Last year,
Robert McHugh predicted that the Dow would drop to 9,000, at least in terms of the price of gold. By January 22 this year, that had happened.
But people like Karl Denninger have been saying for a long time that the outcome of the credit crunch will be deflationary, and Mr Denninger is more emphatic than ever about that now. And that's not just the view of a private investor who backs his judgment with his own hard-earned money: the
Bank for International Settlements (htp: Michael Panzner) also thinks deflation a serious possibility.
I recently did a
little primitive chartism and thought it possible that the Dow might revert to what looks like a longer-term trend line that includes the 9,000 mark.
Turning to the price of gold, it has certainly soared over the past few years, but there's been debate about manipulation. Frank Veneroso thinks central banks have been releasing stocks of gold to keep the price down, yet at the same time it is suspected that speculators have been boosting the price, possibly using leveraging (borrowing extra cash to increase the returns).

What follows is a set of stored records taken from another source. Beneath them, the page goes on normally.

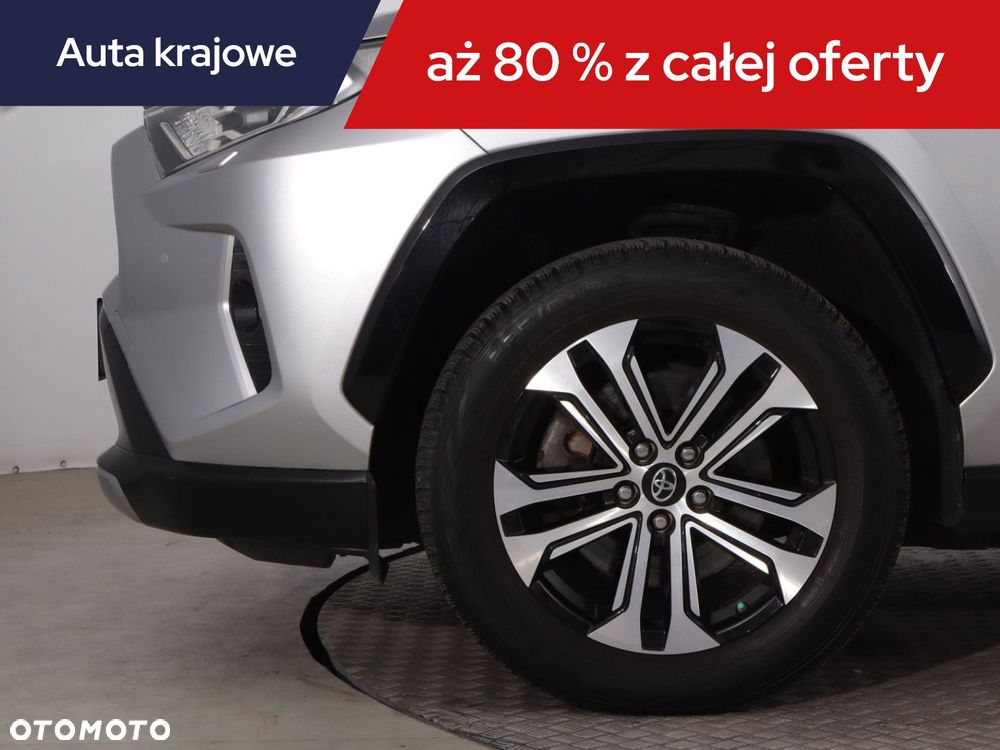 Toyota RAV4 - 16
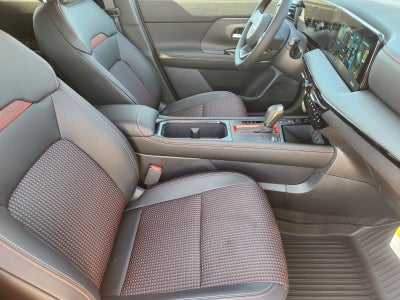 2027 Nissan Kicks SR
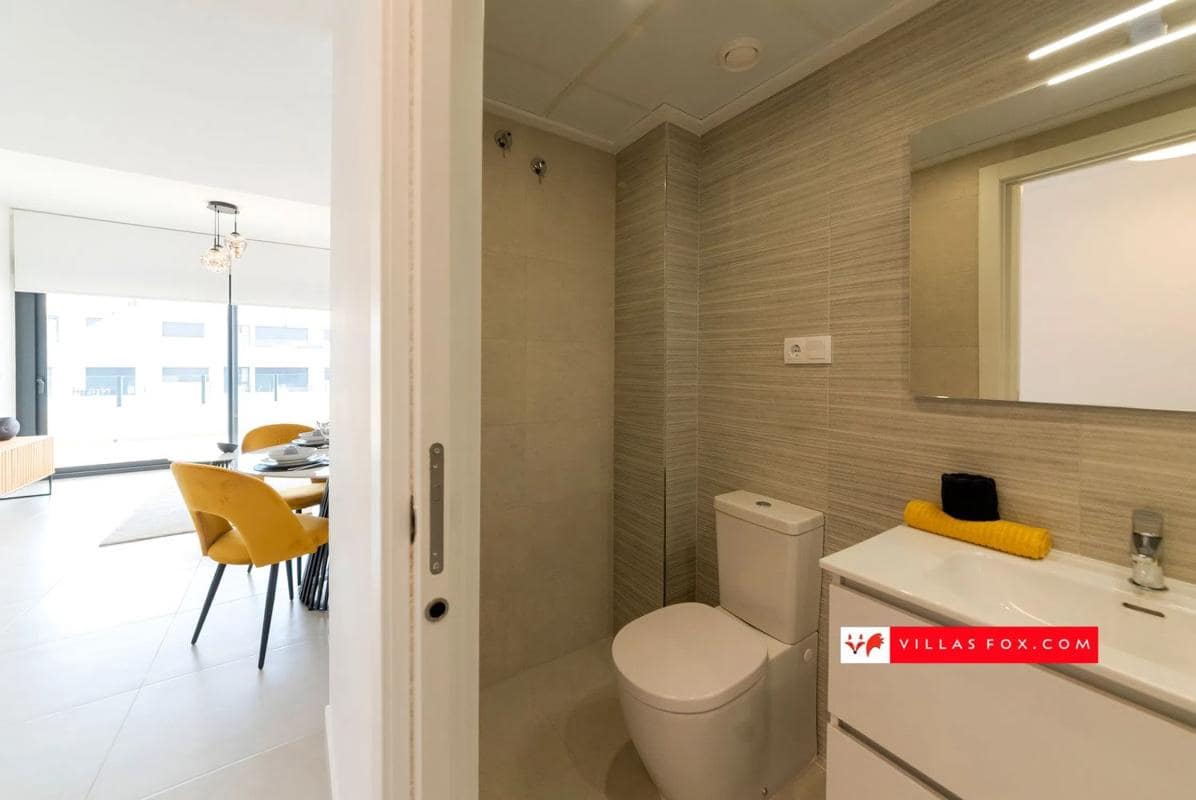2 makuuhuone Huoneisto myytävänä paikassa San Miguel de Salinas mukana uima-altaan - 245 000 € (Ref: 9920743)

So another way for McHugh's prediction to come true (again), would be for both the Dow and the gold price to come down together. The ratio implicit in his prediction (13.51) could imply that the Dow hits 9,000 and gold drops to about $666 per ounce, or about 30% off where it is now.
Not impossible, if leveraged speculators have to disinvest to repay their borrowings in a hurry; and it would still only be a reversion to where gold was two years ago (and even then, nearly double what it had been three years before that).